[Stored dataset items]
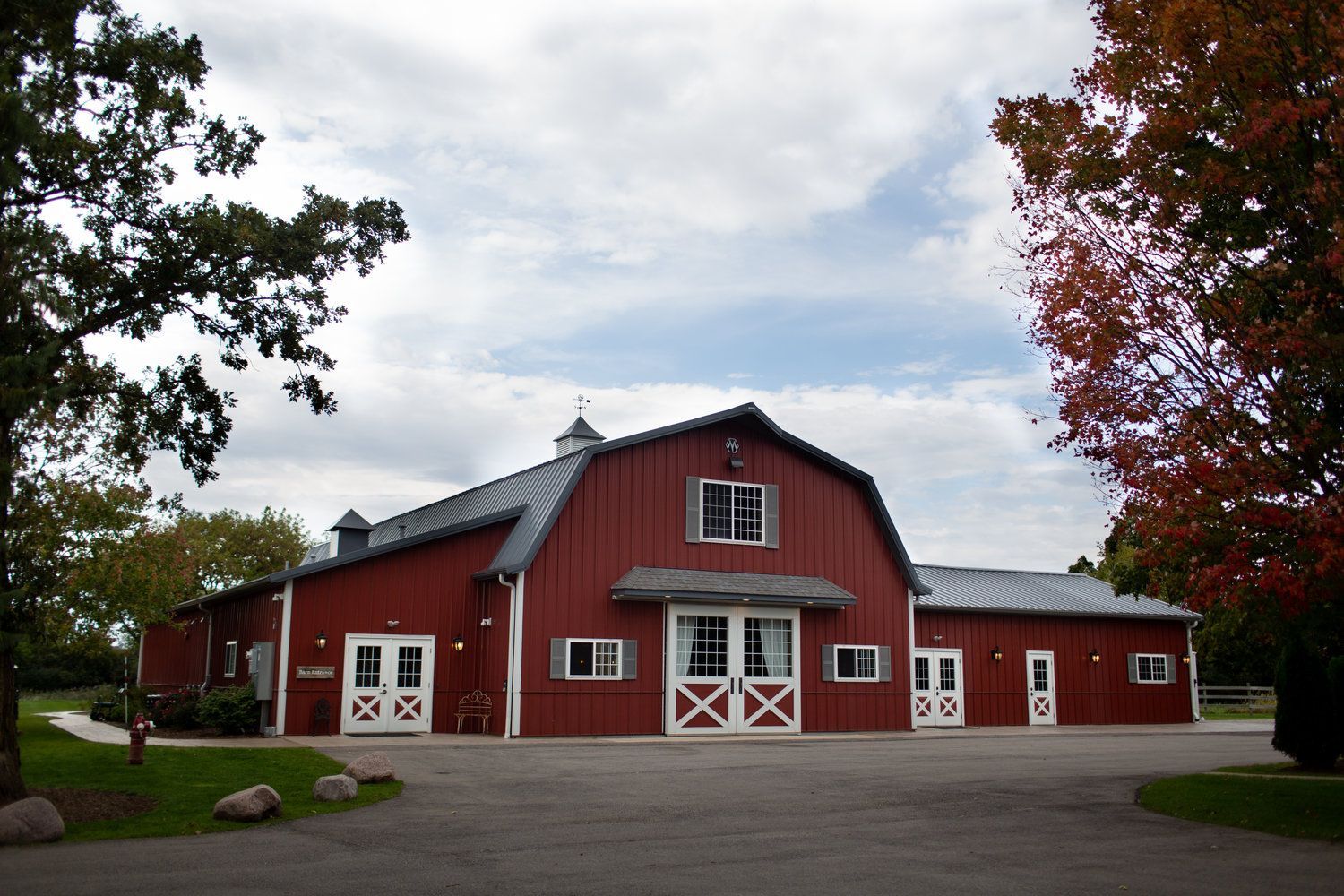 barn wedding venue wisconsin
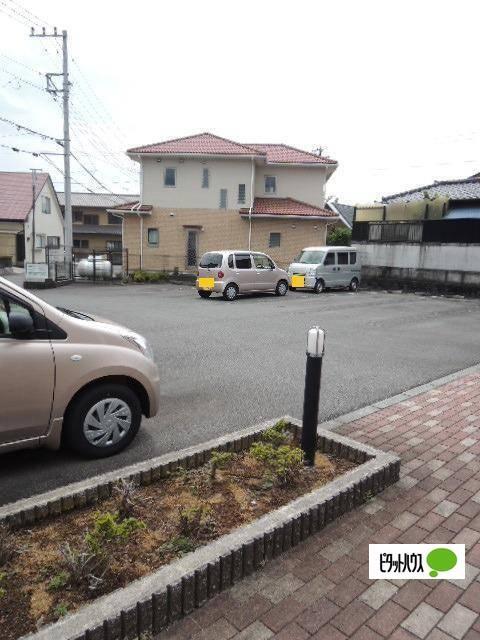 モルゲンレーテ（105） 駐車場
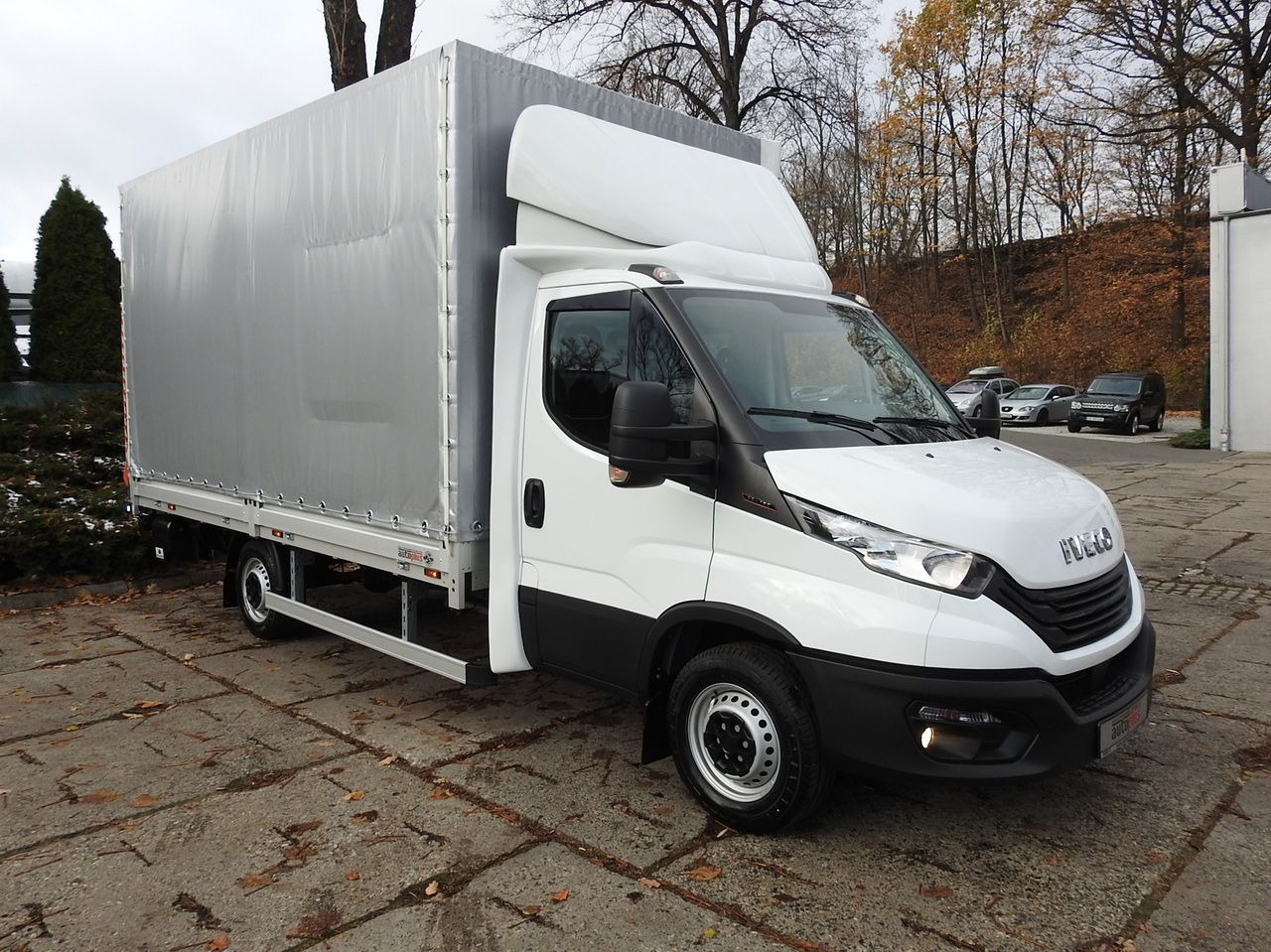 IVECO DAILY 35S16 NEW TARPAULIN LIFT 8 PALLETS CRUISE CONTROL AIR CONDITIONING 160HP - Planen Transporter: das Bild 4 IVECO DAILY 35S16 NEW TARPAULIN LIFT 8 PALLETS CRUISE CONTROL AIR CONDITIONING 160HP - Planen Transporter: das Bild 4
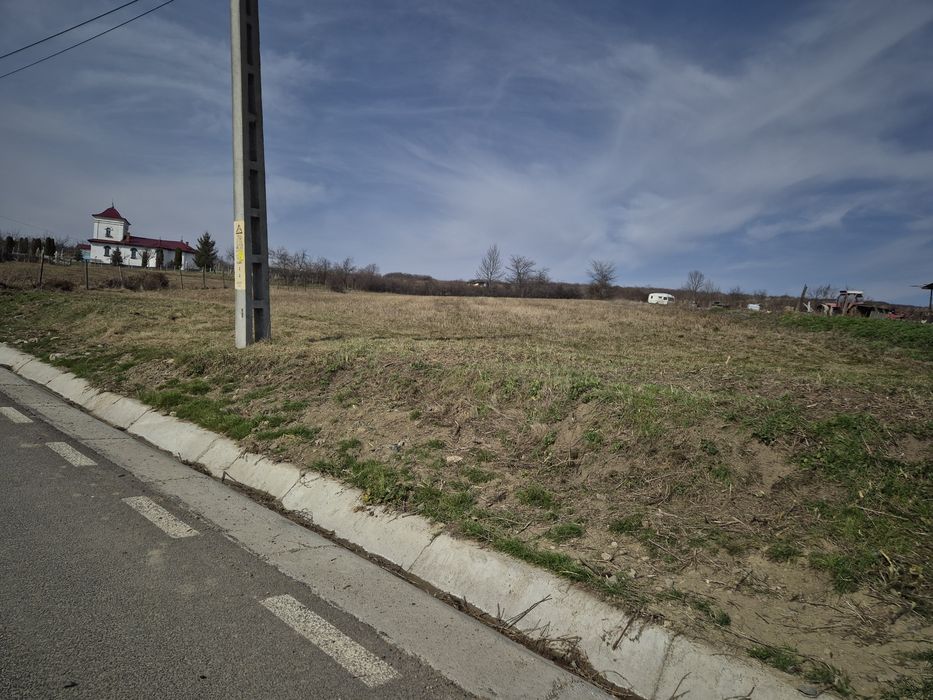 Teren intravilan Tomești-Goruni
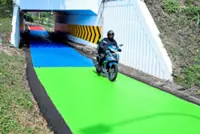 Riders divided over colourful bike lane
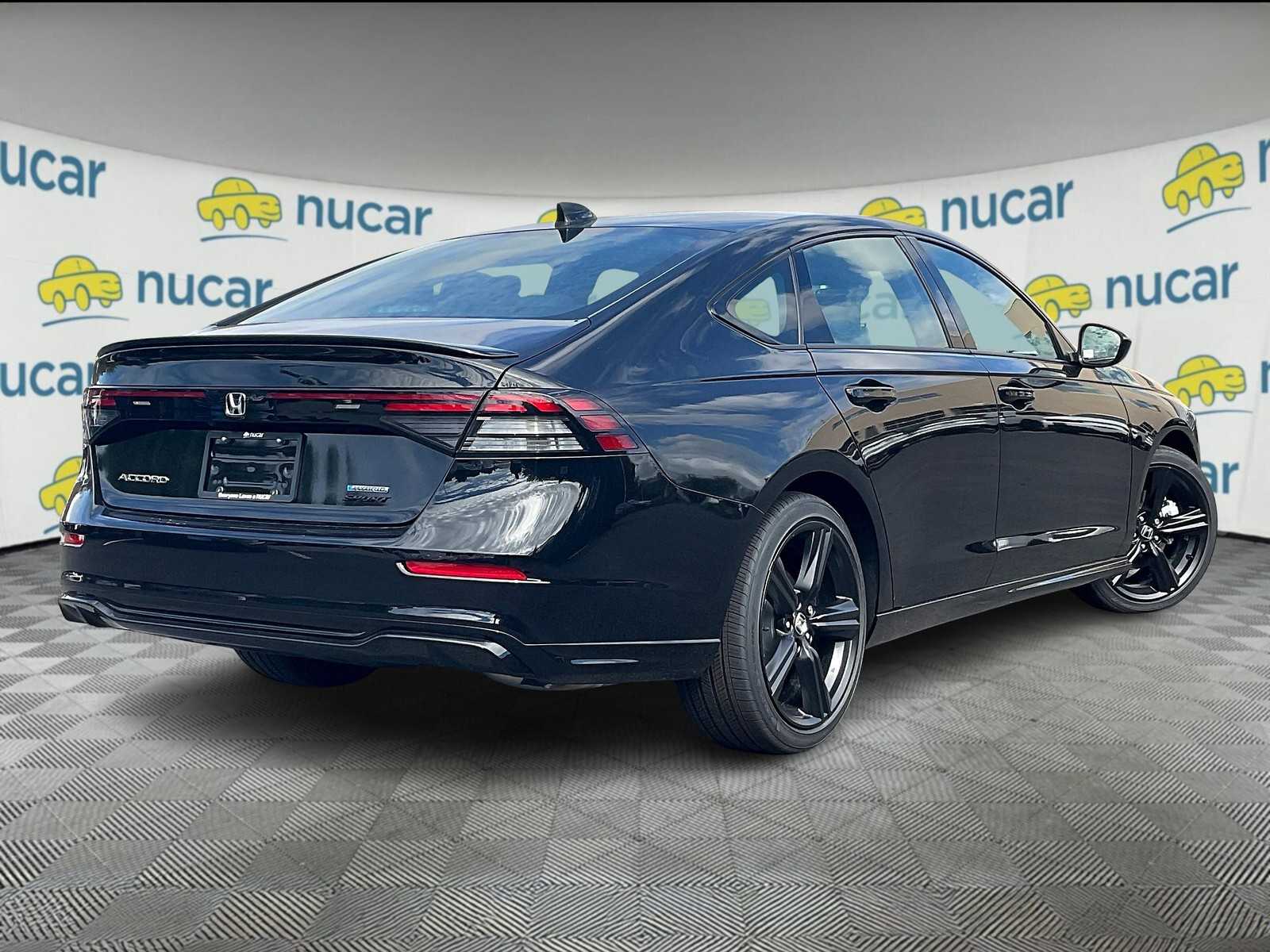 2025 Honda Accord Hybrid Sport-L photo 3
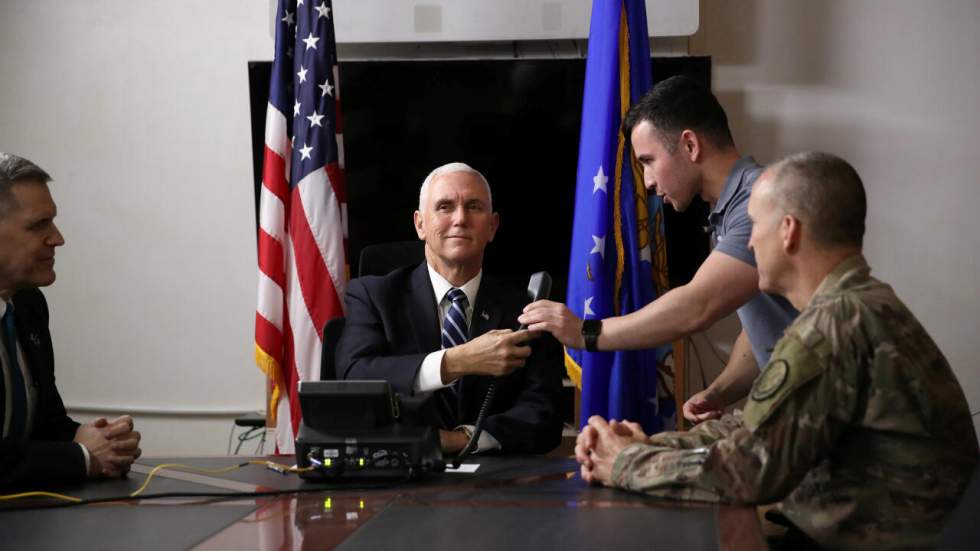 Visite surprise en Irak du vice-président américain Mike Pence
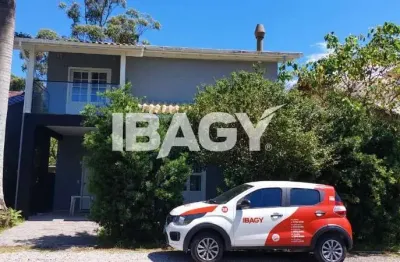 Excelente casa 3 dormitório(s) em campeche - florianópolis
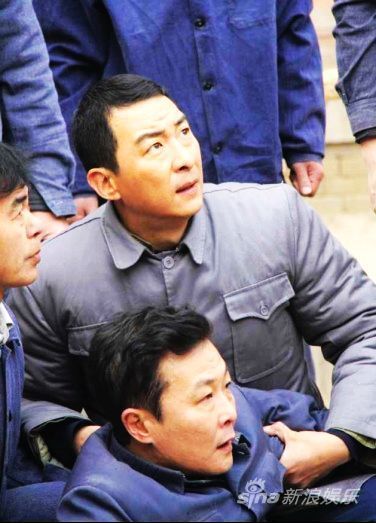 《全家福》周克明萧益土命运跌宕起伏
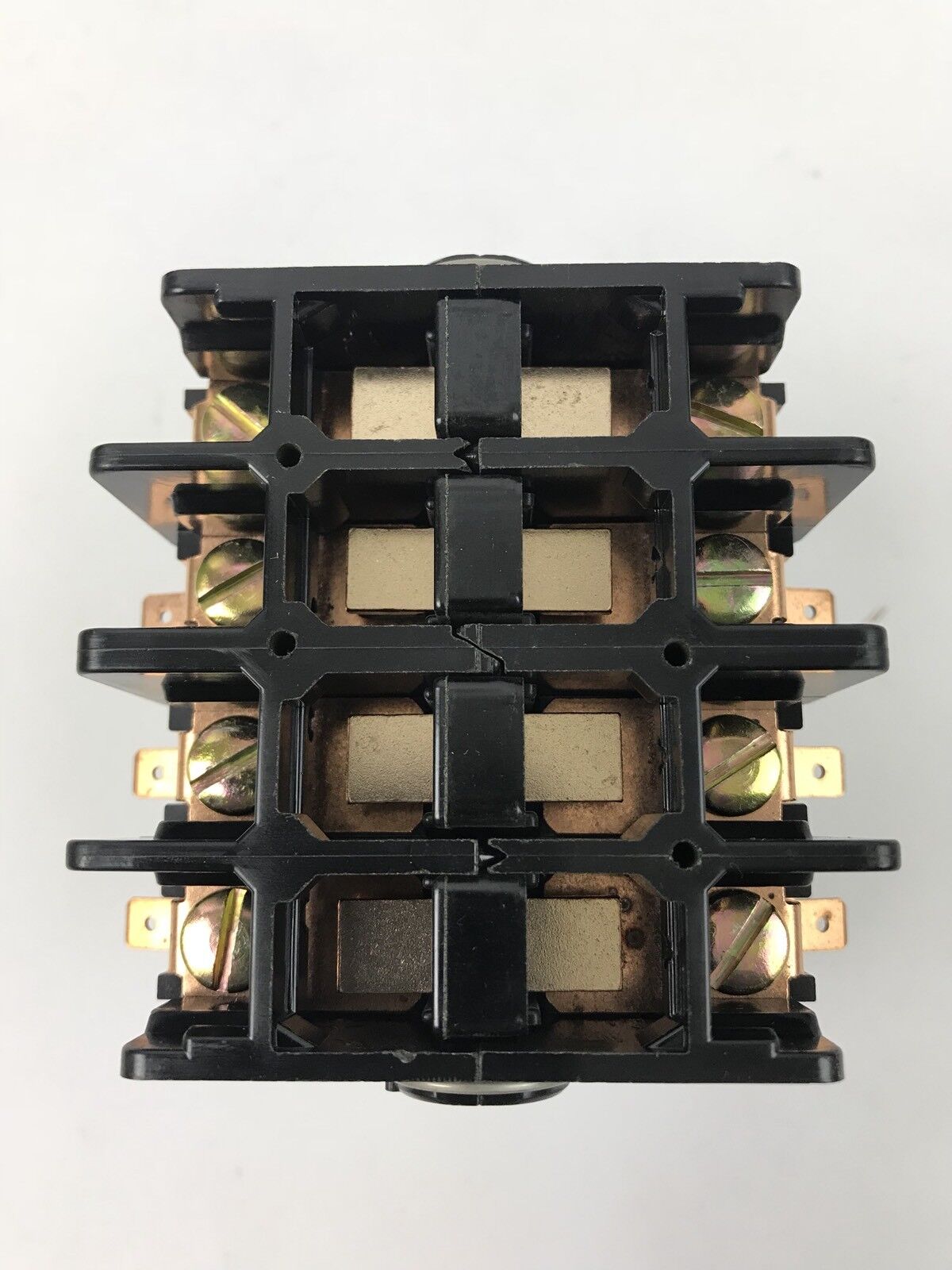 Gould 2200 EB440AA Contactor 50 A Res/Pole 600 Volts Max. AC (346466-00015)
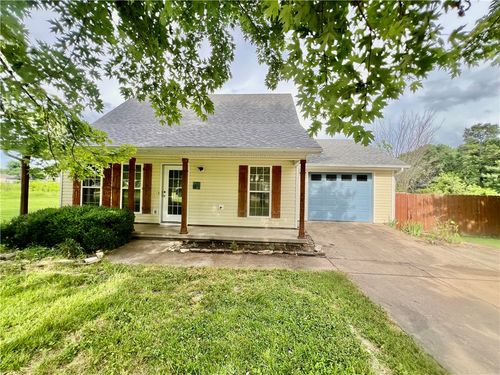 701 Tharp Ave, Green Forest, AR, 72638-2648 | Card Image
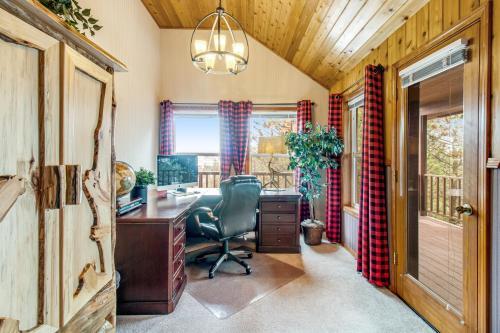 River And Mountain View Retreat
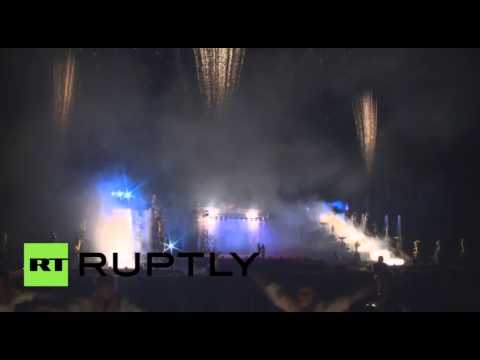شاهد مهرجان إغلاق نوافير بيترهوف الروسية الشهيرة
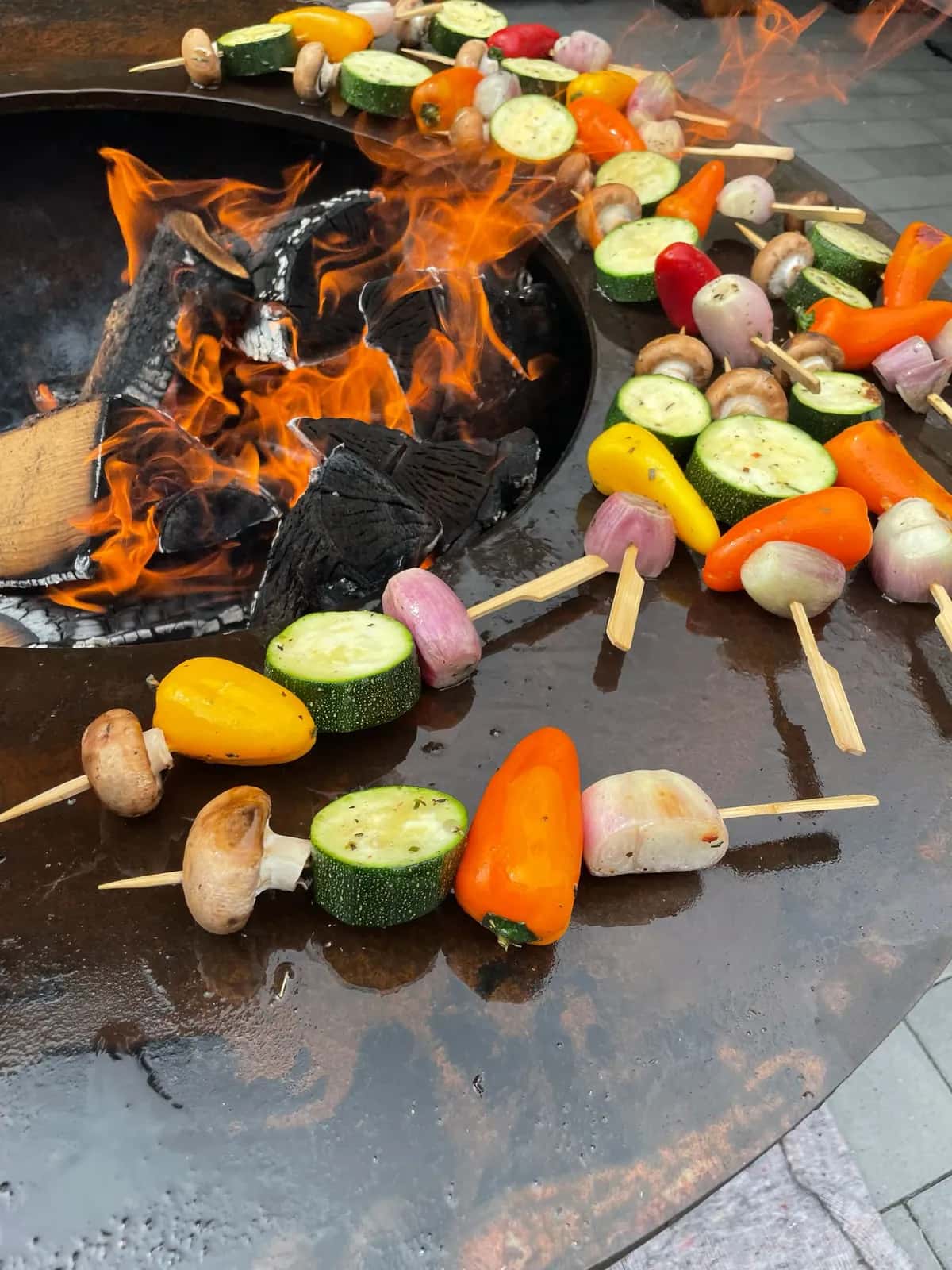 Hochzeitsbuffet mit warmen und kalten Speisen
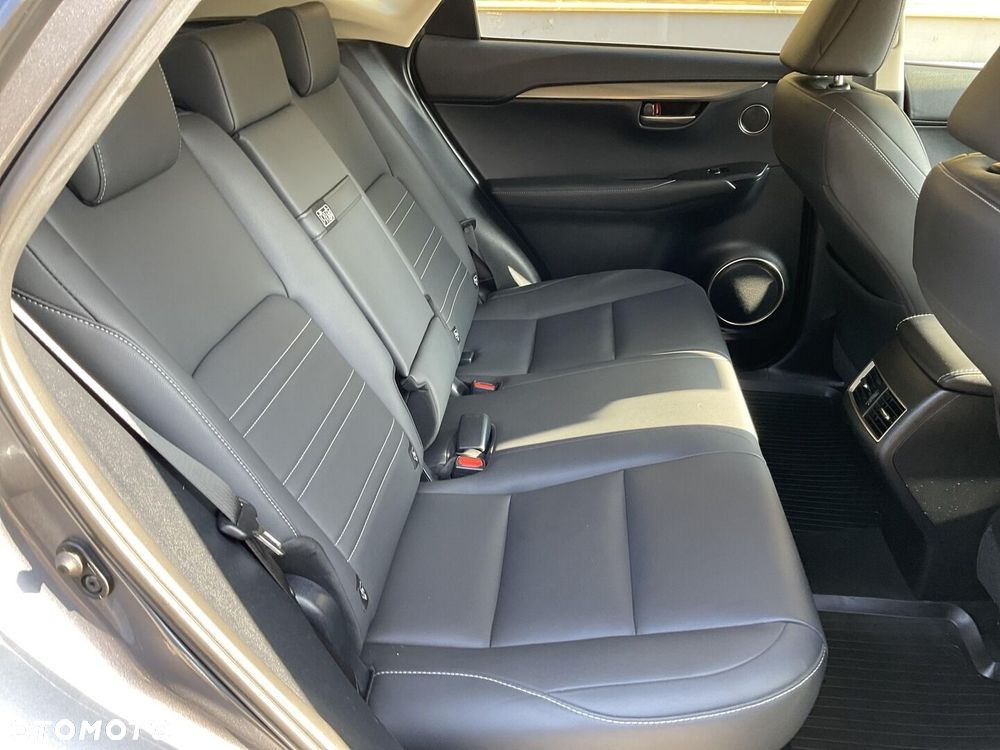 Lexus NX 300h F Impression AWD - 14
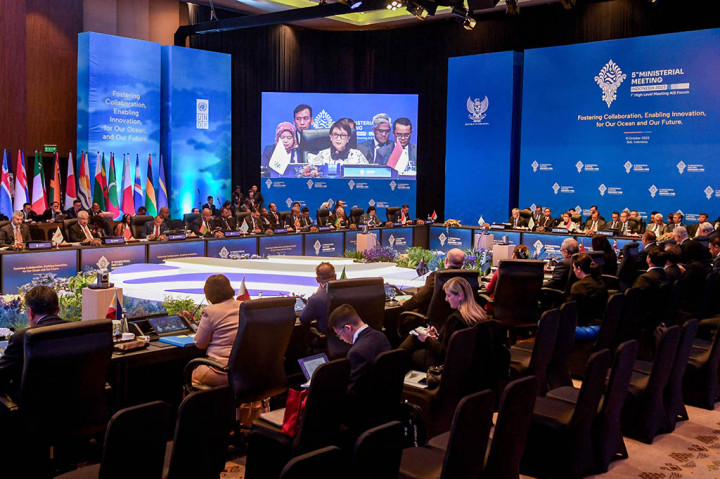 Guna mencapai tujuan tersebut, Menlu RI menyerukan perlunya menjamin solidaritas di antara negara pulau dan kepulauan untuk menghadapi tantangan bersama.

WHAT YOU SHOULD DO
All lines after and including the one with "701 Tharp Ave, Green", through the end of the entries above, should be output exactly and by themselves. The pictures are to be left out.

REPLY
 701 Tharp Ave, Green Forest, AR, 72638-2648 | Card Image
 River And Mountain View Retreat
شاهد مهرجان إغلاق نوافير بيترهوف الروسية الشهيرة
 Hochzeitsbuffet mit warmen und kalten Speisen
 Lexus NX 300h F Impression AWD - 14
 Guna mencapai tujuan tersebut, Menlu RI menyerukan perlunya menjamin solidaritas di antara negara pulau dan kepulauan untuk menghadapi tantangan bersama.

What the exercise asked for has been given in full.